The Gender Accelerationist Manifesto
I expect this to be a bit controversial. I actually went into this article a bit skeptical of its scope. Intersectional feminism is already pretty heavily written about. But what our authors have done is figure out how to remove the liberalism. In removing liberalism, however, what remains is a proposition far more radical than most people would have ever conceived. We’re going to take the “abolish gender” slogan seriously at face value, because doing so is the only way to alleviate the contradictions of gender norms under capitalism. Some choice quotes:
Material relations are relations of production. That is, they are the way we relate to the various ways we labor and produce things. All of society is based upon these relations of production and they produce all of our social systems. Gender is no different.
So where does gender’s material base lie? Gender is produced primarily by the division of reproductive labor. Reproductive labor is any labor that helps to produce the next generation, including sex, birth, childcare, and homemaking, and gender is defined by how this labor is divided up, with the different genders being distinct classes which are expected to perform specific sorts of tasks regarding reproductive labor.

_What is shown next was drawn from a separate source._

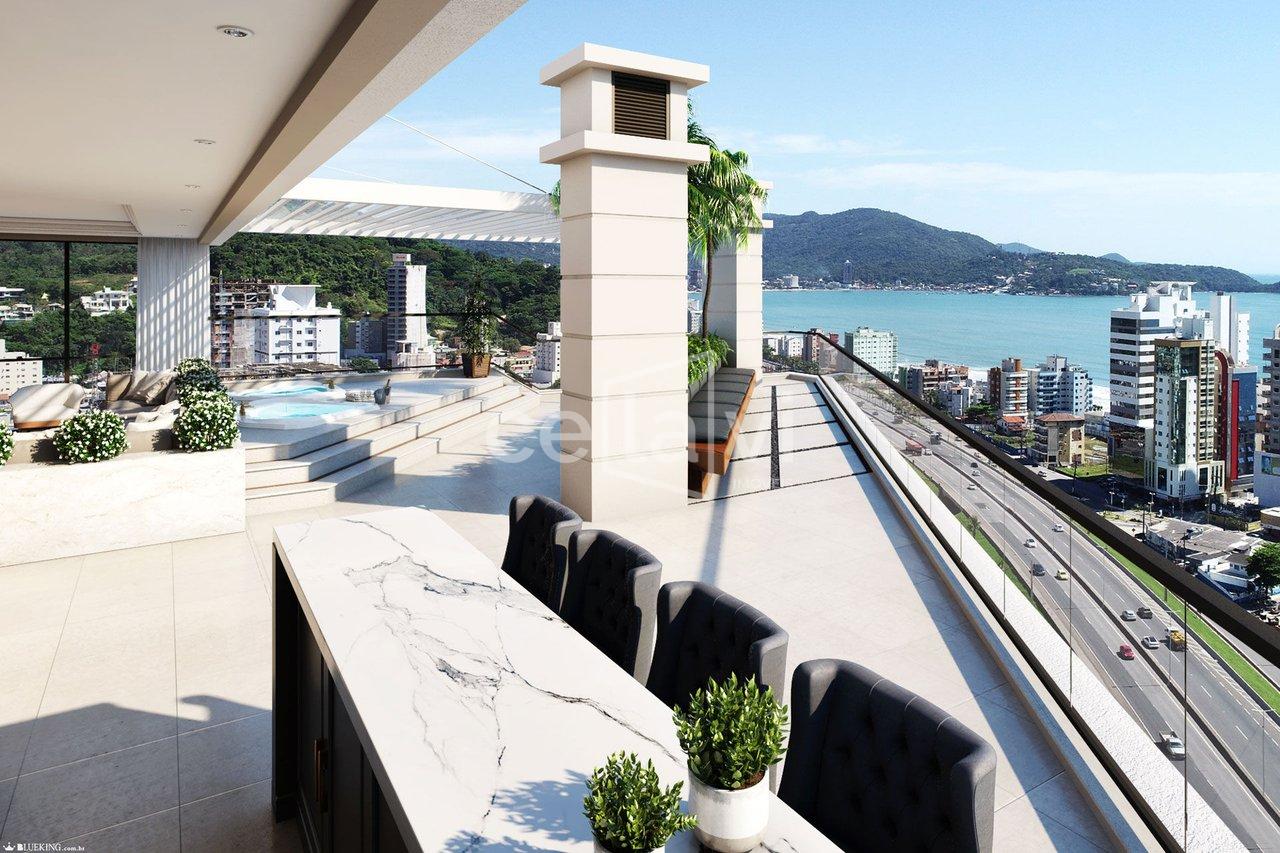 APARTAMENTO VISTA MAR Marginal oeste  Itapema -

Gender is the earliest class systems and, as a result, it precedes the state, even in its earliest most basic form. This means that, unlike capitalism, race, neuronormativity, and the various other class systems, the state is not the primary means by which gender is imposed upon people. This isn’t to say that the state doesn’t impose gender, but it is supplementary, not primary. By the time states were cropping up, gender had already solidified itself and become quite adept at imposing itself upon others.
As has been referenced previously, gender is a system of class, and is one defined by the domination of manhood over society. This is why another name for the gender class system is patriarchy. Gender as a social system is patriarchy and patriarchy is the social class system of gender. Within this class system, we find three distinct classes, two accepted and one subversive.
This class dynamic of man over woman is the principal dynamic of patriarchy, but they do not comprise the only two classes. Instead, we find that some people relate to reproductive labor differently than how it’s imposed upon the population. This is especially the case with regards to sex, when someone engages in sexual relations that do not fit with the dynamics imposed by patriarchy. This includes people who are sexually attracted to people of the same gender (gay/lesbian people), of multiple genders (bisexual/pansexual people), or no gender (asexual people). In addition, people whose gender is different from the one patriarchy assigns to them can’t be classed as neatly as people who accept the assignment by gender. While they might be personally men or women, they aren’t treated by society in quite the same way so they comprise a distinct social class. Characteristic to this is the detachment of sex and romance from reproducing the next generation. While it’s still possible for all of these groups to reproduce the next generation, it is no longer a necessary part of sex and romance.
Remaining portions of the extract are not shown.